:: Study material ::

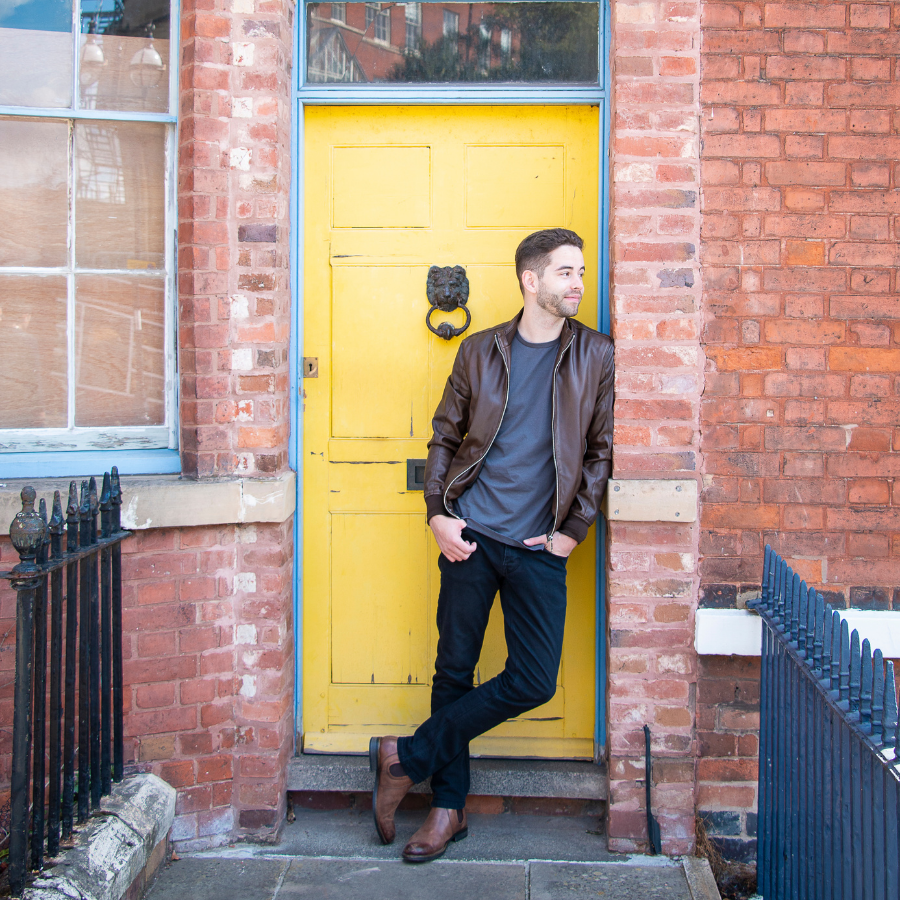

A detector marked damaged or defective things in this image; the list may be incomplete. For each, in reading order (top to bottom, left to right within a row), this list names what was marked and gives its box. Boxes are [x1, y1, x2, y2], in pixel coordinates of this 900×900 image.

chipped yellow paint [306, 105, 600, 760]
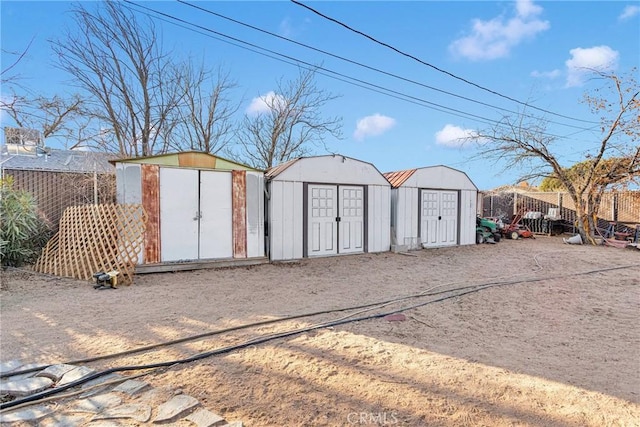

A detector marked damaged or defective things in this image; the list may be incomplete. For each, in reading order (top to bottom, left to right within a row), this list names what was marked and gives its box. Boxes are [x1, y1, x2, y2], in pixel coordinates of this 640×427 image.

rusty shed [112, 151, 264, 270]
rusty shed [264, 154, 390, 260]
rusty shed [382, 166, 478, 249]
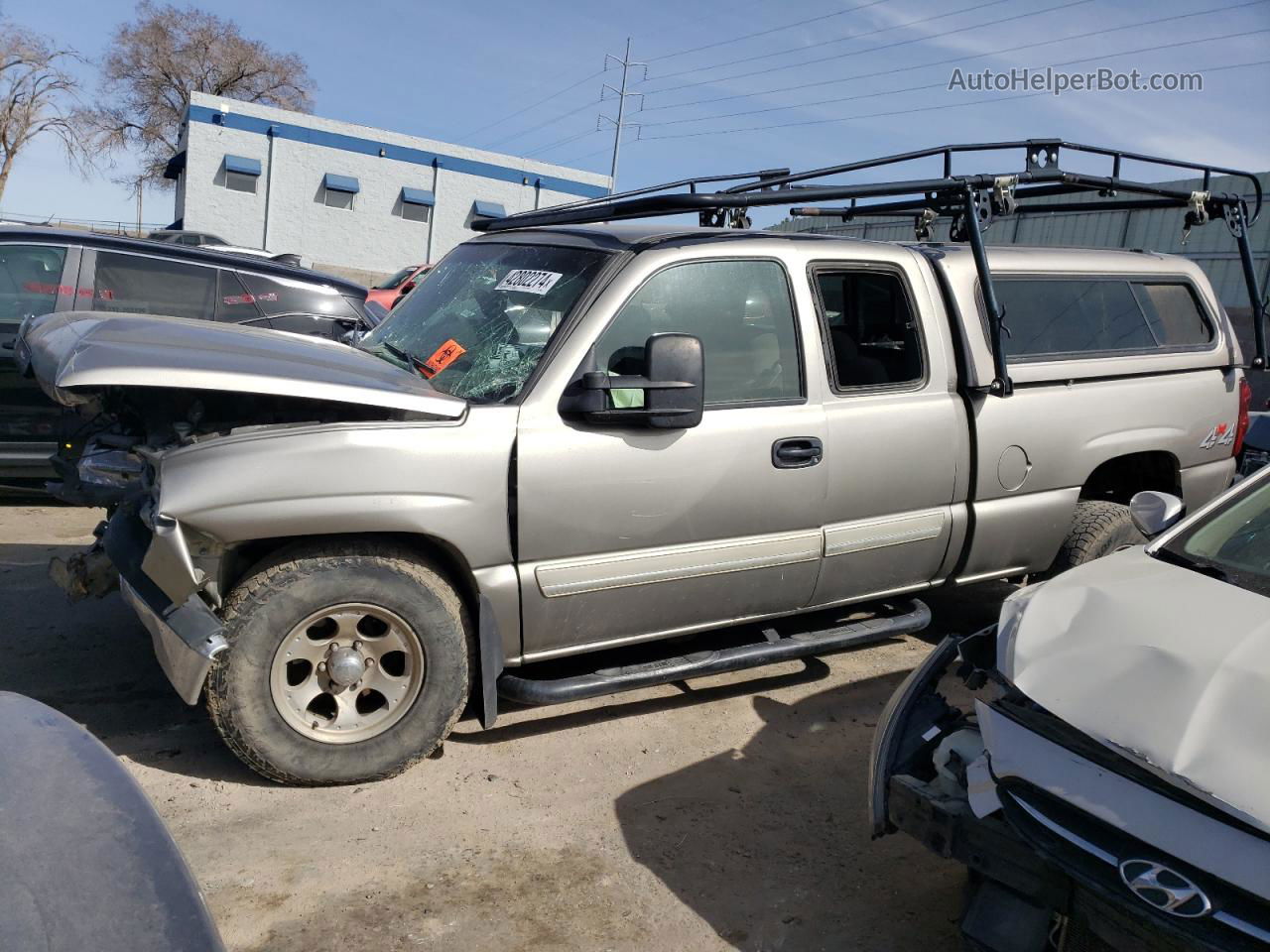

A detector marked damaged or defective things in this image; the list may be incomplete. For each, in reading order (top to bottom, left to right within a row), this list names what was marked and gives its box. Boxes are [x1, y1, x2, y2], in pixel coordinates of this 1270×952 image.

cracked hood [17, 311, 466, 418]
shattered windshield [359, 244, 611, 403]
damaged silver pickup truck [12, 140, 1270, 781]
damaged suv [12, 140, 1270, 781]
wrecked hyundai [869, 466, 1270, 952]
damaged silver pickup truck [873, 466, 1270, 952]
damaged suv [873, 468, 1270, 952]
cracked hood [1000, 547, 1270, 829]
shattered windshield [1159, 474, 1270, 599]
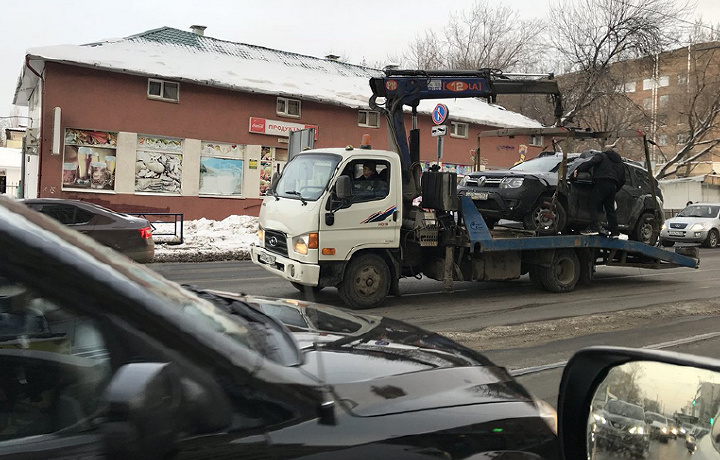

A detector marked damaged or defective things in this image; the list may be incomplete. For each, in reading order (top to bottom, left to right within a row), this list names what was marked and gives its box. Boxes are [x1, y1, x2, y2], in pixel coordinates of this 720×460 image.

damaged suv [456, 151, 664, 244]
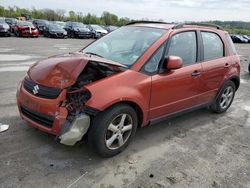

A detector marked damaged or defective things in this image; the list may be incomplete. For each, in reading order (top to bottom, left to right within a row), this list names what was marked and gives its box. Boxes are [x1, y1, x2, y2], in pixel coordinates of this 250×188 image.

crumpled hood [27, 51, 125, 89]
torn bumper cover [59, 113, 90, 145]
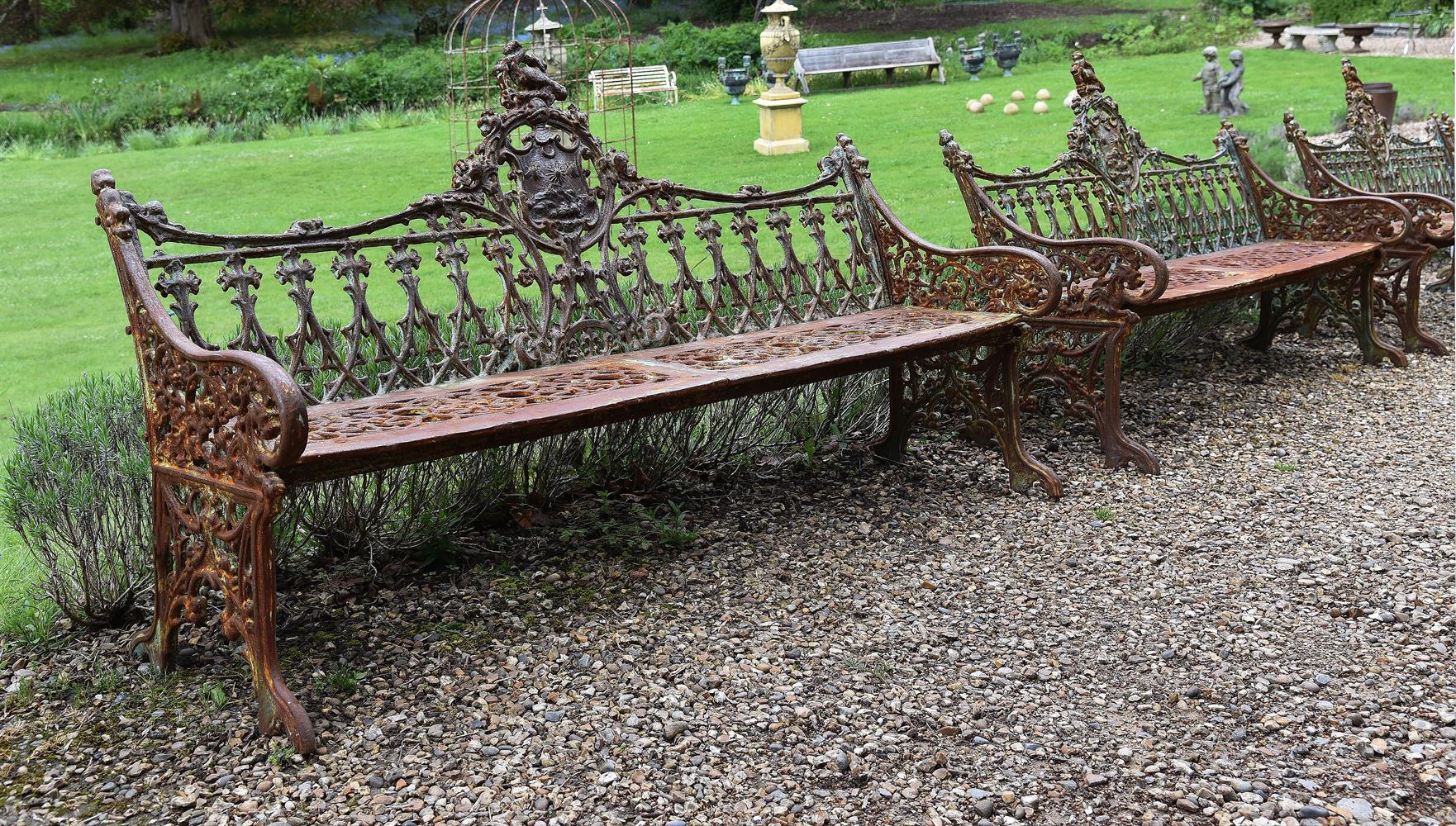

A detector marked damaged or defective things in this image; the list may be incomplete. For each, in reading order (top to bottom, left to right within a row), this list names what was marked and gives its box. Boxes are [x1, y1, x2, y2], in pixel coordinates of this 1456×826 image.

rusty garden bench [97, 43, 1064, 757]
rusty garden bench [932, 51, 1408, 476]
rusty garden bench [1282, 59, 1454, 325]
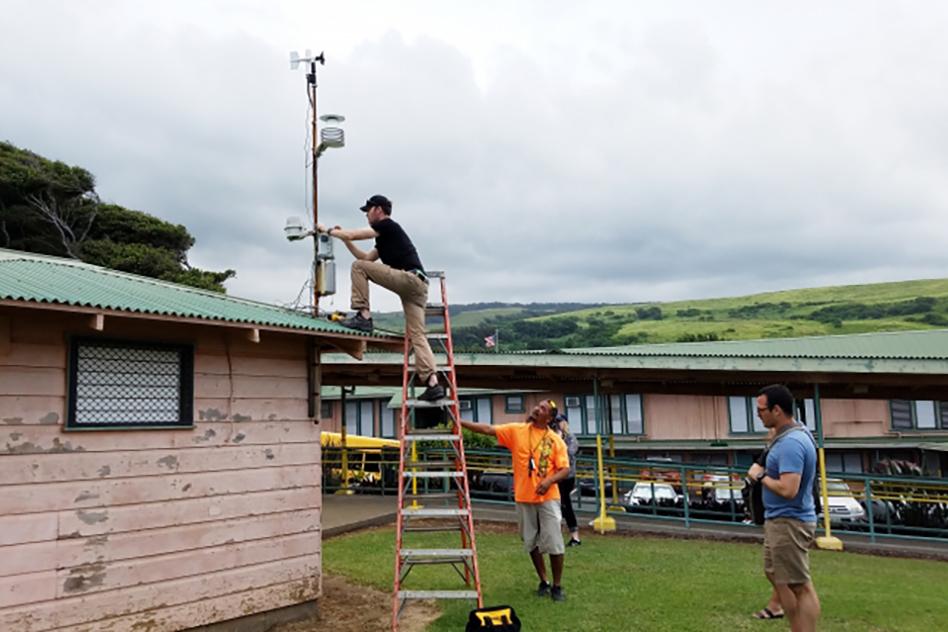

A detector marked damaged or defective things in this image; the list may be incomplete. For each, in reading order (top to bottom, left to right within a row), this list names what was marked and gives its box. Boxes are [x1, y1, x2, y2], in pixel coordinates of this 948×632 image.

peeling paint [156, 454, 179, 470]
peeling paint [77, 508, 109, 524]
peeling paint [63, 564, 108, 592]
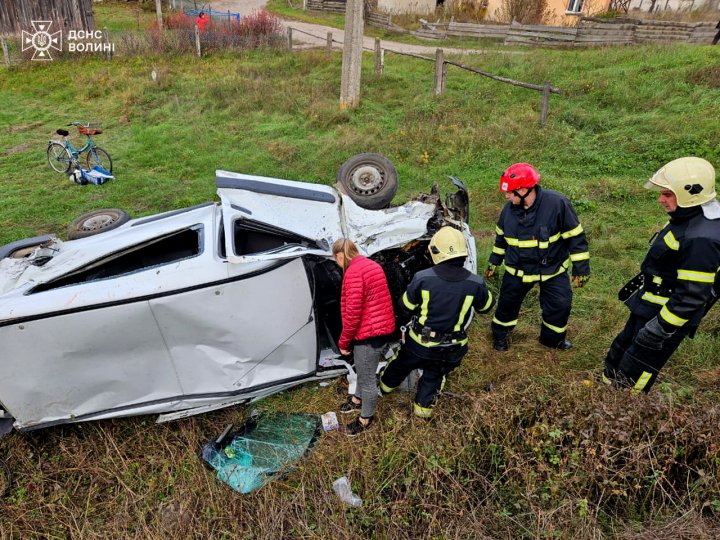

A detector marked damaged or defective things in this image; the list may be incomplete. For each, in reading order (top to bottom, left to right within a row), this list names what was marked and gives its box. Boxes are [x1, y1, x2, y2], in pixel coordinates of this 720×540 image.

:::

Directions for this task >> Once the pictures are set aside, repeat the data above exactly as written.

Solution to the problem >>
A detector marked damaged or defective things in this image; the list may be incomplete. For each, in reading order (top to bottom, left to right within a row), this list names what was marked and gives its box. Boxes are [x1, y1, x2, y2], in pixel coordinates of this 900×900 image.

chipped yellow paint [306, 105, 600, 760]

A detector marked damaged or defective things in this image; the list may be incomplete. For each, in reading order (top to bottom, left to right within a row), this list names what was marked and gives its box. Boxes are [x1, y1, x2, y2], in pixel coordinates of this 640×427 image.

rusty shed [112, 151, 264, 270]
rusty shed [264, 154, 390, 260]
rusty shed [382, 166, 478, 249]

A detector marked damaged or defective things in this image; the list may be incomplete. For each, in reading order (top to bottom, left to right within a row), this list names what was marked and gives its box. Boxes are [x1, y1, x2, y2], in pixel coordinates of this 1270×952 image.

cracked hood [17, 311, 466, 418]
shattered windshield [359, 244, 611, 403]
damaged silver pickup truck [12, 140, 1270, 781]
damaged suv [12, 140, 1270, 781]
wrecked hyundai [869, 466, 1270, 952]
damaged silver pickup truck [873, 466, 1270, 952]
damaged suv [873, 468, 1270, 952]
cracked hood [1000, 547, 1270, 829]
shattered windshield [1159, 474, 1270, 599]

A detector marked damaged or defective things in this image; the list may be incomplete. For each, in reading order (top to bottom, left to right within a row), this list names what was marked and gives its box. Boxes are [x1, y1, x2, y2], in pixel coordinates of this 720×460 image.

damaged suv [456, 151, 664, 244]

A detector marked damaged or defective things in this image; the list may be incomplete. For each, in reading order (top to bottom, left to right within a row), this list names what was marked and gives its box. Boxes are [x1, y1, x2, y2], in pixel coordinates of this 250×188 image.

crumpled hood [27, 51, 125, 89]
torn bumper cover [59, 113, 90, 145]

A detector marked damaged or defective things in this image; the list may be incomplete. For each, in reading order (top to bottom, left to right within a row), this list names what was marked and gives its box. Boxes are [x1, y1, x2, y2], in pixel coordinates of this 1456×826 image.

rusty garden bench [97, 43, 1064, 757]
rusty garden bench [932, 51, 1408, 476]
rusty garden bench [1282, 59, 1454, 325]

A detector marked damaged or defective things in this image; the list may be incomplete. For each, in reading order (top to bottom, left to right within a row), this list names what was marked and gives its box. Boxes are [x1, y1, x2, y2], in pixel coordinates of this 948×632 image.

peeling paint [156, 454, 179, 470]
peeling paint [77, 508, 109, 524]
peeling paint [63, 564, 108, 592]

A detector marked damaged or defective things in this image; the list may be incomplete. For each, in reading order (top to bottom, left to right within a row), this list names what was marked and gives its box. Boxes are [x1, y1, x2, y2], in pixel coordinates of this 720×540 image.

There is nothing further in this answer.